If these have been happening recently after a shocking incident then you should identify it and work towards stopping it. The main objective is to not let the effect of a trauma overpower your normal being.

2. Deal with it, heal from within

Do not let a traumatic incident rule over the happy side of yours. Learn to deal with the trauma. Do not hesitate to take help. Talk about the incident, to your family and friends and seek their suggestion. You can also write down your experiences in a journal. It doesn’t have to be about the incident; it can be anything like your daily habit, a short story you have in mind or even about your pet cat.

If this does not work, take help from experts. Find a therapist who you can go to frequently. Attend the sessions and get help. The sooner you identify it, the stronger you deal with it, the quicker you will heal from it.

3. Try healing methods

Learn about how to overcome stress. Do not let your life go mundane over an incident. Find mindfulness and body centered techniques to help you sail through the process. Remember everything is unattainable until tried, everything is attainable once it starts.

4. ​Eye movement desensitization and reprocessing (EMDR) Therapy

It’s a bilateral brain stimulation in which unprocessed buried emotions in the brain are processed. “Unlike other treatments that focus on directly altering the emotions, thoughts and responses resulting from traumatic experiences, EMDR therapy focuses directly on the memory, and is intended to change the way that the memory is stored in the brain, thus reducing and eliminating the problematic symptoms,” say experts at the American Psychological Association.

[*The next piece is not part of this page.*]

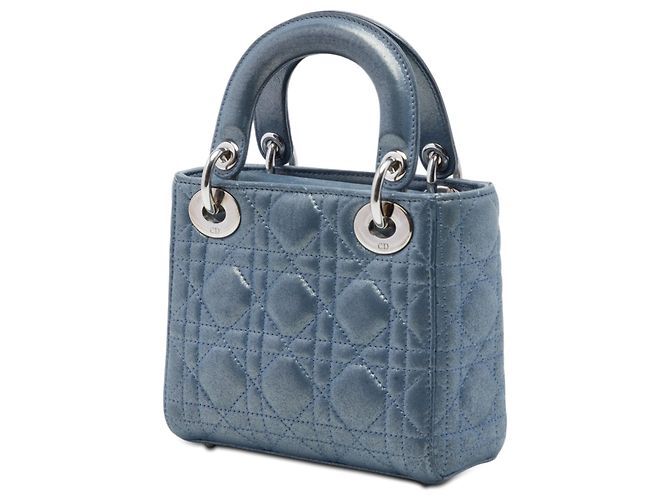 Lady Dior Cannage Mini in agnello iridescente blu di Dior - vista 2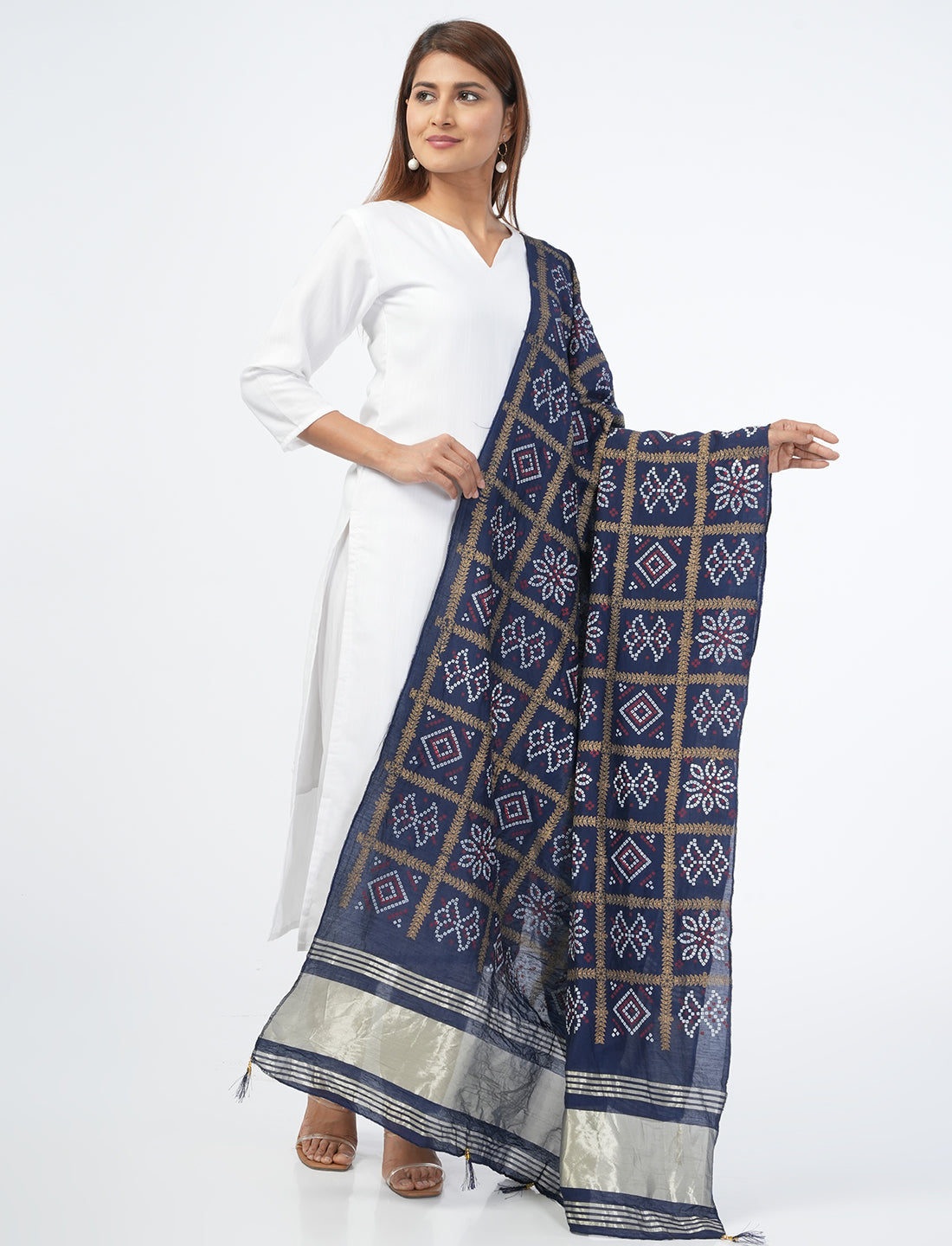 Ghatchola Checks Gaji Silk Dupatta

5. ​Emotional freedom technique

This is a body centered therapy where doctors stimulate acupressure points to help the patient deal with all sorts of stress. As per a study on clinical effect of EFT says that EFT is a brief intervention combining elements of exposure, cognitive therapy, and somatic stimulation of acupressure points on the face and body and found that during EFT physiological indicators of health such as RHR, BP, and cortisol significantly decreased, indicating improvement. Happiness levels increased as did immune system function.

6. Practice yoga

Mind exercise can do wonders like none. However, it is difficult to put the mind into that when one’s dealing with a trauma. It’s better to join yoga classes and practice mindfulness for an hour or two. Once you feel you can concentrate on it, you can do it at home. Various Yoga poses like Surya Namaskar have proven benefits for mental health and have been seen giving a boost to the brain’s functioning.